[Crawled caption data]
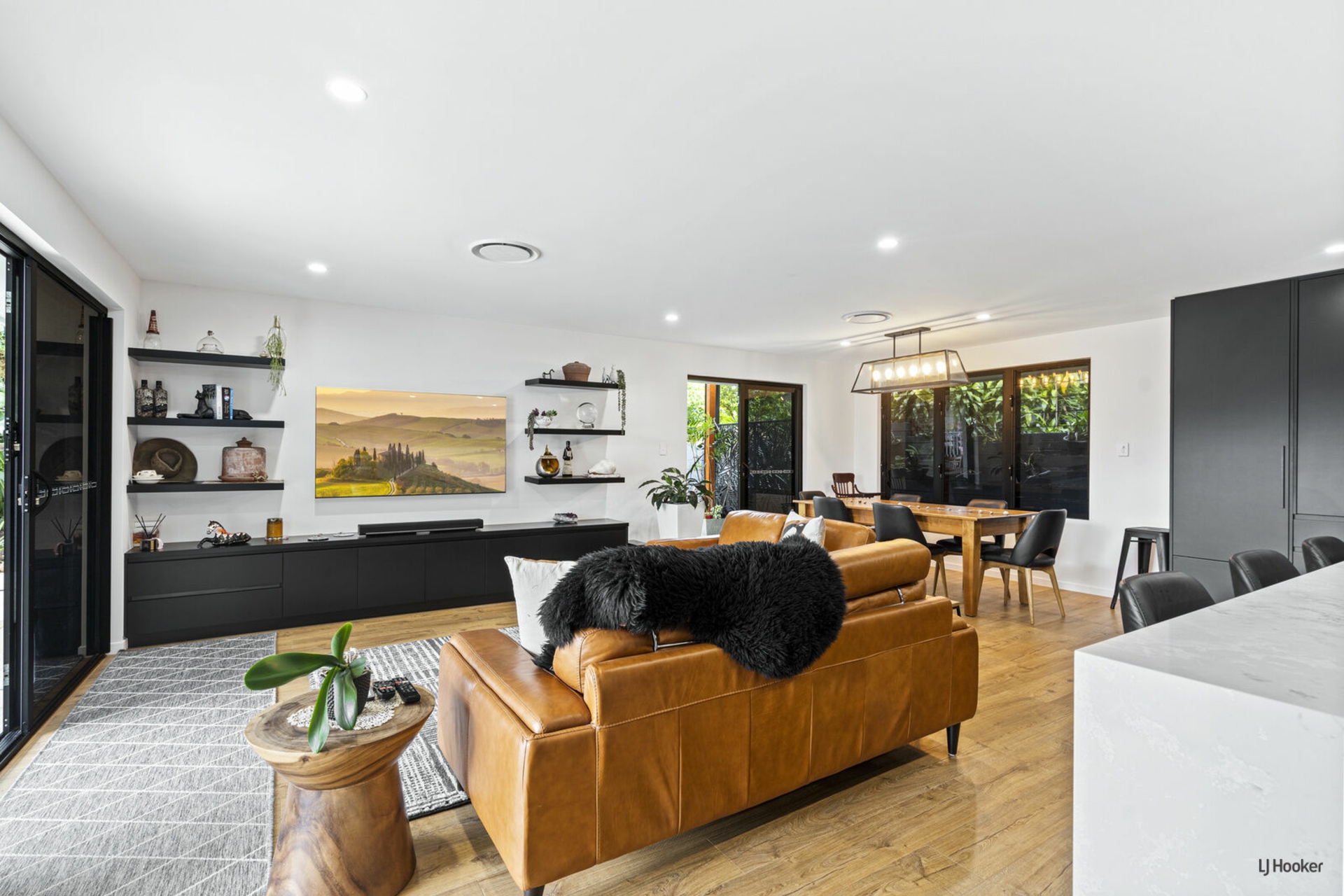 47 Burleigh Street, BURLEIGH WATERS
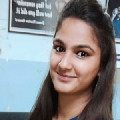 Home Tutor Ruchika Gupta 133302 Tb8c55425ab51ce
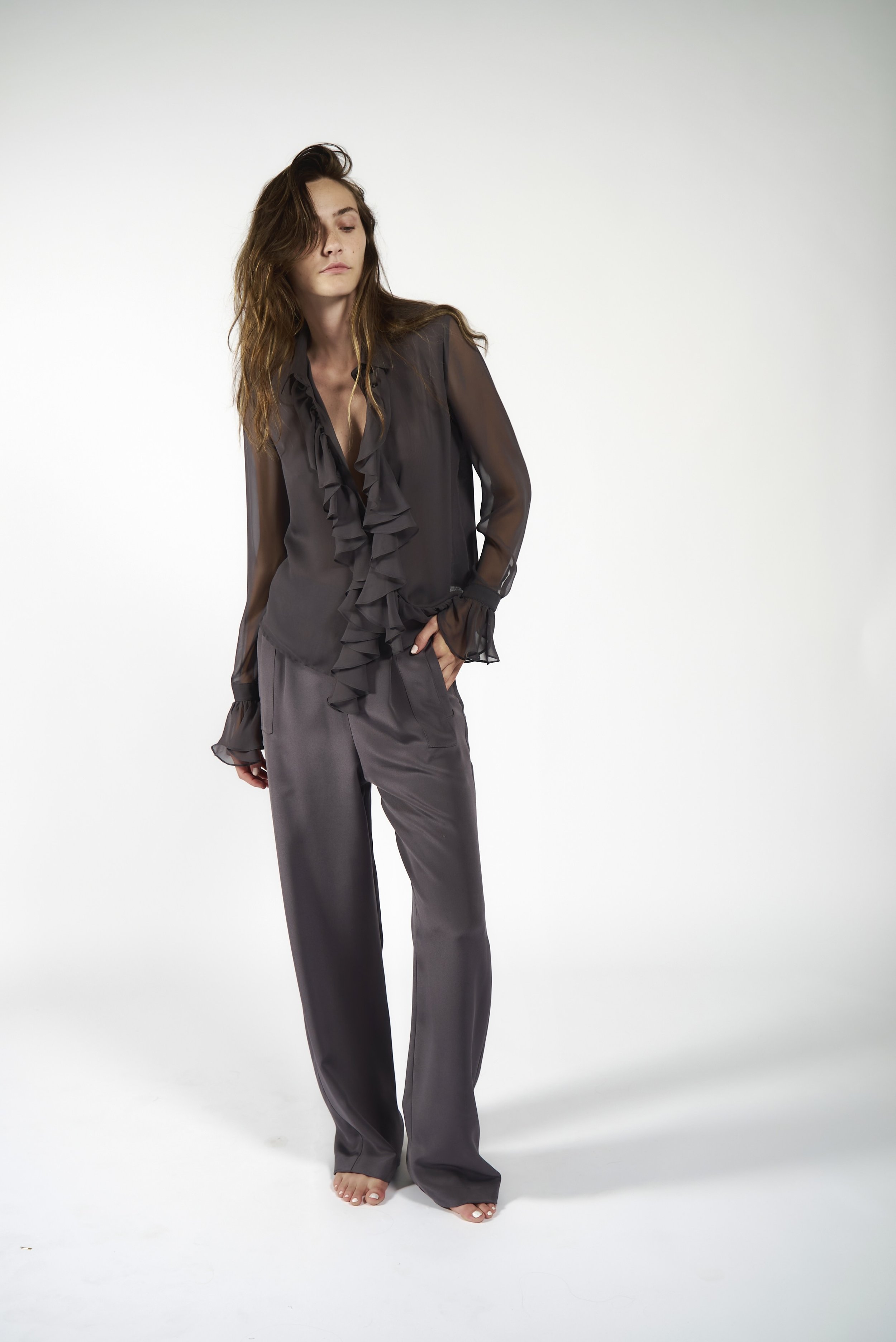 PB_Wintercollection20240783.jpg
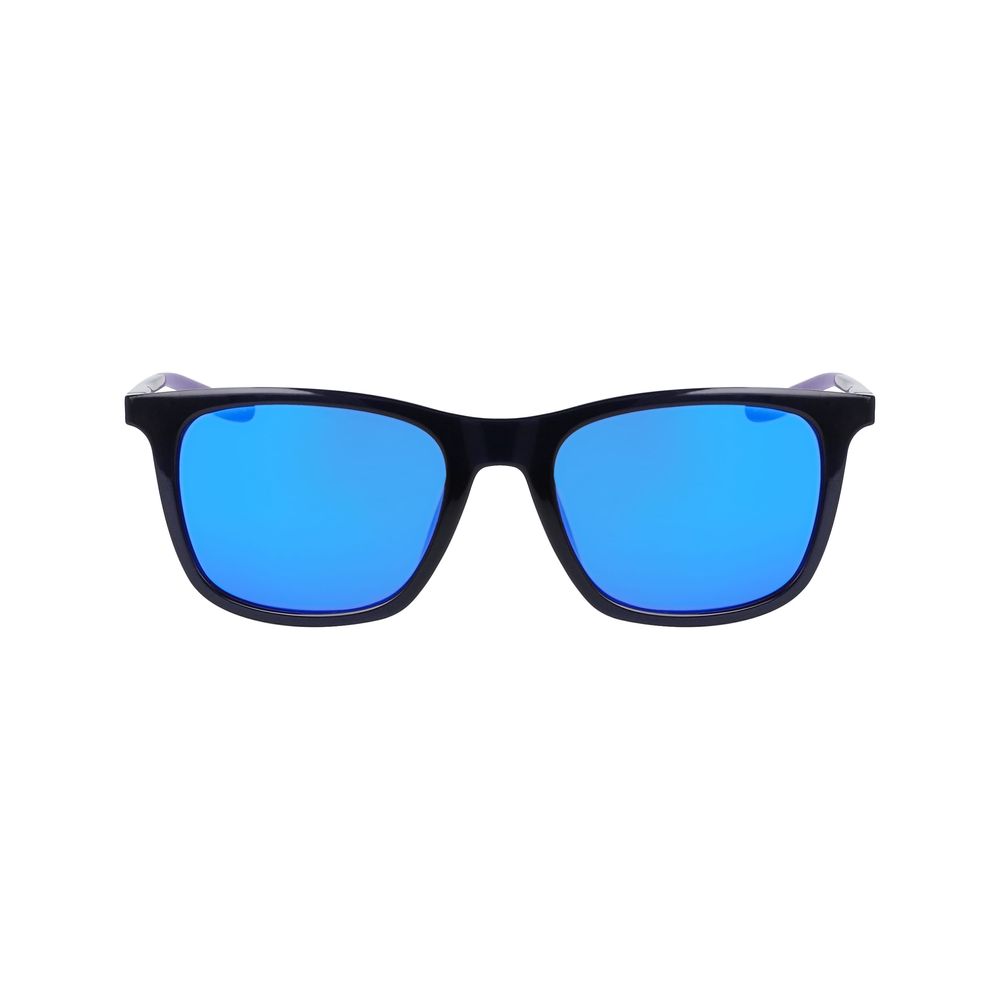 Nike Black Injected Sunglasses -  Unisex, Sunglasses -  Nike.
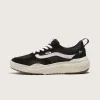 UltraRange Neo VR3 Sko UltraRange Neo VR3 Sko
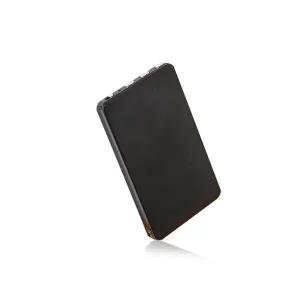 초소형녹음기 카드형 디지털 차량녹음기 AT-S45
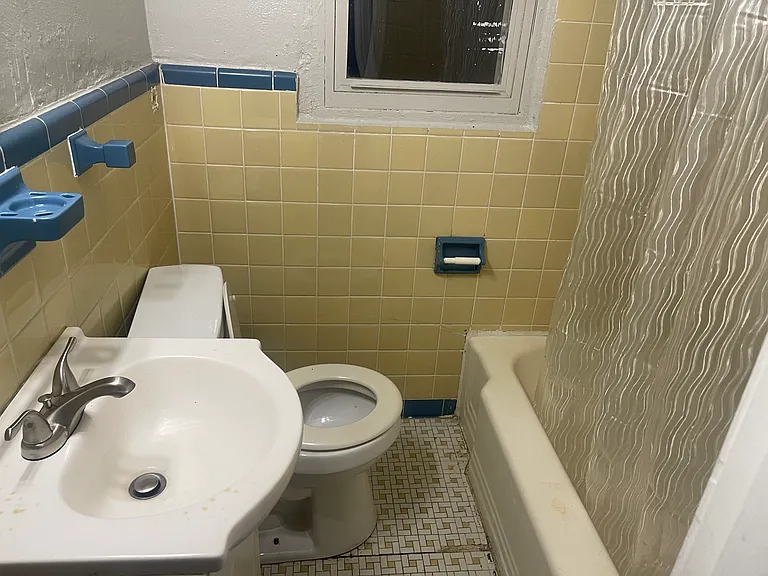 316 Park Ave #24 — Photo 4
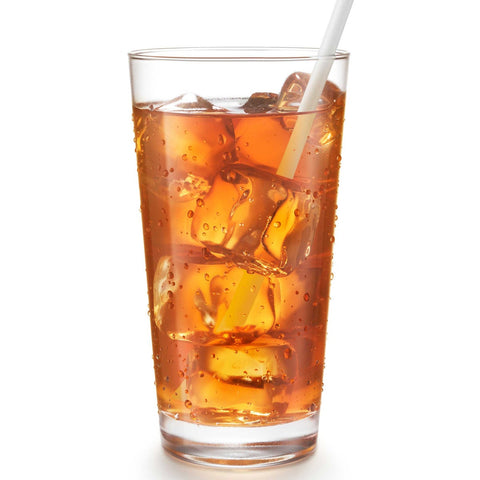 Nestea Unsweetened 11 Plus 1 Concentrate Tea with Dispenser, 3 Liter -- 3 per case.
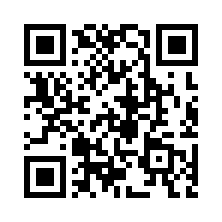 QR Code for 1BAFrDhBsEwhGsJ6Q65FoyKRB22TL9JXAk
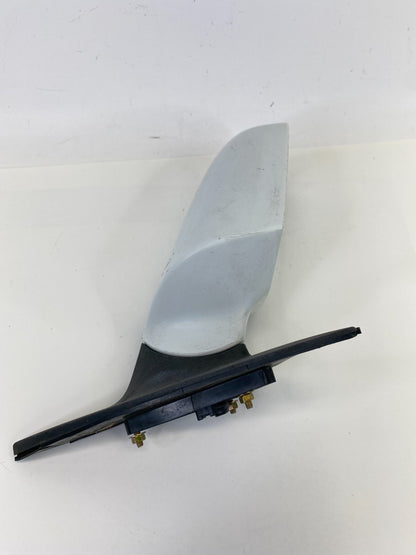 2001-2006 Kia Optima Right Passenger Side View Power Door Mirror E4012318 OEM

• **Description of the task**:
Write the entries out again exactly as they appear, with the pictures omitted.

• **Worked solution**:
 47 Burleigh Street, BURLEIGH WATERS
 Home Tutor Ruchika Gupta 133302 Tb8c55425ab51ce
 PB_Wintercollection20240783.jpg
 Nike Black Injected Sunglasses -  Unisex, Sunglasses -  Nike.
 UltraRange Neo VR3 Sko UltraRange Neo VR3 Sko
 초소형녹음기 카드형 디지털 차량녹음기 AT-S45
 316 Park Ave #24 — Photo 4
 Nestea Unsweetened 11 Plus 1 Concentrate Tea with Dispenser, 3 Liter -- 3 per case.
 QR Code for 1BAFrDhBsEwhGsJ6Q65FoyKRB22TL9JXAk
 2001-2006 Kia Optima Right Passenger Side View Power Door Mirror E4012318 OEM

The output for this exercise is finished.